A review by miak2
Tomorrow, and Tomorrow, and Tomorrow by Gabrielle Zevin

challenging emotional funny reflective sad medium-paced
  • Plot- or character-driven? Character
  • Strong character development? Yes
  • Loveable characters? It's complicated
  • Diverse cast of characters? Yes
  • Flaws of characters a main focus? Yes

5.0

 
"What is a 'programmer'? ... A programmer is a diviner of possible outcomes, and a seer of unseen worlds." p. 351


Here's my hot take: Tomorrow, and Tomorrow, and Tomorrow is the book that Normal People wanted to be. An intense, uncomfortable look into the unhealthy relationship between two young individuals with their own traumas. Don't get me wrong, both Sam and Sadie were incredibly frustrating characters. Both had the capacity to be selfish and cruel. Neither had developed particularly good communication skills. But their interactions always felt incredibly honest; it was never miscommunication for the sake of miscommunication. I could see myself in the best and the worst parts of each of them, and Marx too, and that made for a really special reading experience. (It also made for a very frustrating reading experience, as neither character was particularly likeable for large stretches of the book, but at the very least their cruelty could be empathized with and understood).

A few weeks ago, I made a comment to a friend that we don't see enough 'quirky' interactions between characters in books. Stupid inside jokes, dumb humor, etc. This book had it in spades and it was so refreshing. The twenty-something year-olds felt like me and my friends, laughing over stupid things that nobody else would find amusing and running with jokes long after they stopped being funny until they're suddenly funny again. In a similar vein, Zevin's descriptions of the most mundane things felt incredibly grounded in the weird way that our brains make observations and connections. I loved it all.

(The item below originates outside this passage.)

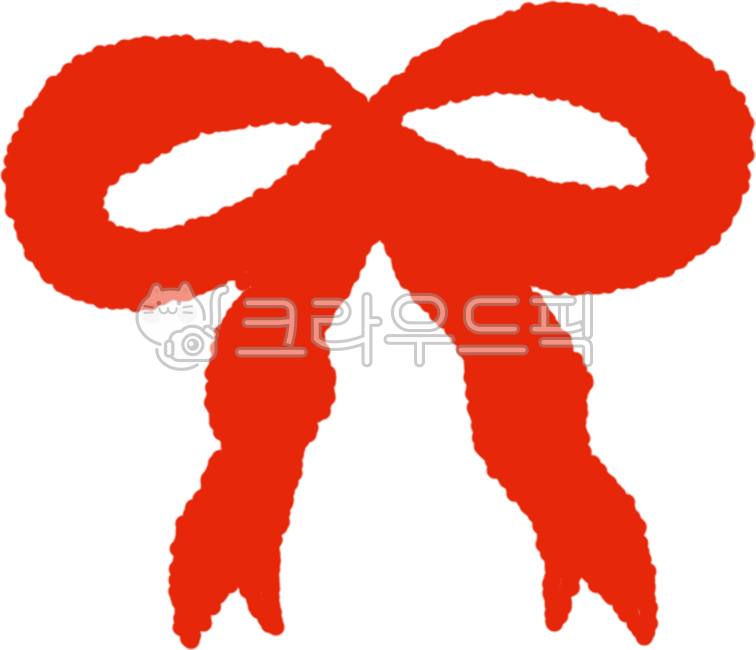 리본,빨간리본,선물끈,빨간색,머리끈,빨간머리끈,부드러운끈,끈일러스트,빨간끈일러스트,빨간리본일러스트,다이어리꾸미기,다꾸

The other thing I loved about this book was the creativity Zevin demonstrated with her writing. For one, you could tell that this was a love story to video games, written by someone who's intimately familiar with them. Not only did this show in her references, but in some very specific creative chapter structures. We got a chapter in second person, some interview blurbs, and one chapter entirely through the eyes of a player character in a game. These came at pivotal moments in the book, and the emotion that came with them was all the stronger as a result of the way the chapter was written. There was so much sentimentality towards the end of the book, a testament to all that these characters went through over the past thirty years, with some really emotional call-backs that were well-integrated into the story.

I thought Zevin wrapped up the story perfectly; I would've been disappointed with any more or less. And I'm while left with this disappointment that I'll never experience Ichigo or Mapleworld, I felt sufficiently immersed in the games as I read about them, so I guess that just means I'll have to re-read at some point.